Neisser a déjà été médaillé de bronze au Mondial. C'était en 2022, au Caire. Mais aussi médaillé d'argent en Grand Prix (en 2023, à Doha) et en Coupe du monde (en 2024, à Tbilissi). De quoi justifier la confiance que lui a accordée l'Armée belge quand, en 2019, il a obtenu un contrat comme sportif de haut niveau.
"Je suis militaire depuis cinq ans déjà grâce à mes résultats en juniors, une cinquième place à l'Euro et au Mondial. La proposition m'intéressait parce que j'apprécie l'esprit d'équipe et la vie militaire, tout simplement. Dès que je suis rentré, ça m'a plu et, maintenant, je suis fier de porter les couleurs belges. Je pense que l'Armée correspond à ma personnalité. Bien sûr, il y a des critères de sélection pour entrer et d'évaluation pour continuer, mais je les ai remplis. L'Armée m'a beaucoup soutenu dans ma quête de qualification olympique qui, en escrime, n'était vraiment pas facile parce que le niveau européen est particulièrement relevé avec, notamment, la France, l'Italie et la Hongrie."

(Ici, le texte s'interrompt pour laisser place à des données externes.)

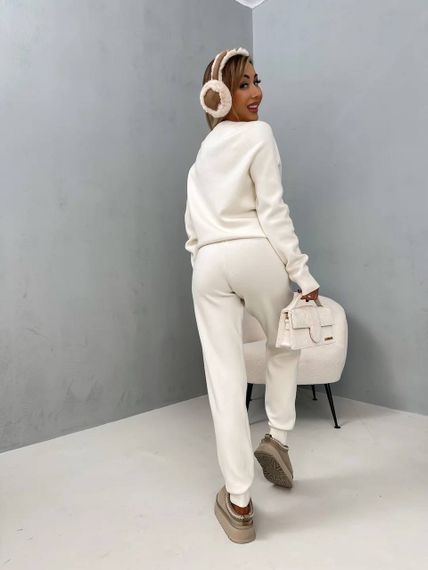 Женский теплый прогулочный костюм из ангоры кофта и штаны, LK144 цвет белый, размер 42/44 | Зображення 3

Toujours en quête de perfection, notre meilleur escrimeur actuel ne peut compter que sur lui-même et son entourage proche. Depuis un an, la Belgique ne compte désormais plus d'équipe dans son arme, l'épée, comme il en existe une, en fleuret.
"Je pense que c'est une question de mentalité, de motivation et, finalement, de projet. Il y a les grandes nations comme la France ou l'Italie, mais aussi les petites comme la Suisse. Chez nous, les jeunes arrêtent souvent pour leurs études."
Or la qualification olympique passait d'abord par l'équipe avec les quatre premiers pays au classement mondial qualifiés d'office, ce qui leur permet d'aligner trois tireurs en individuel. Ensuite, la meilleure nation de chaque continent. Et, enfin, dans un classement individuel "nettoyé", les deux premiers tireurs par continent.
Et Neisser Loyola est l'un d'eux.
À 25 ans, entre rêve et réalité, Neisser a tout mis en œuvre pour marcher dans les pas de son père en escrime, un sport méconnu, mais exigeant car, à la fois, physique, mental et tactique.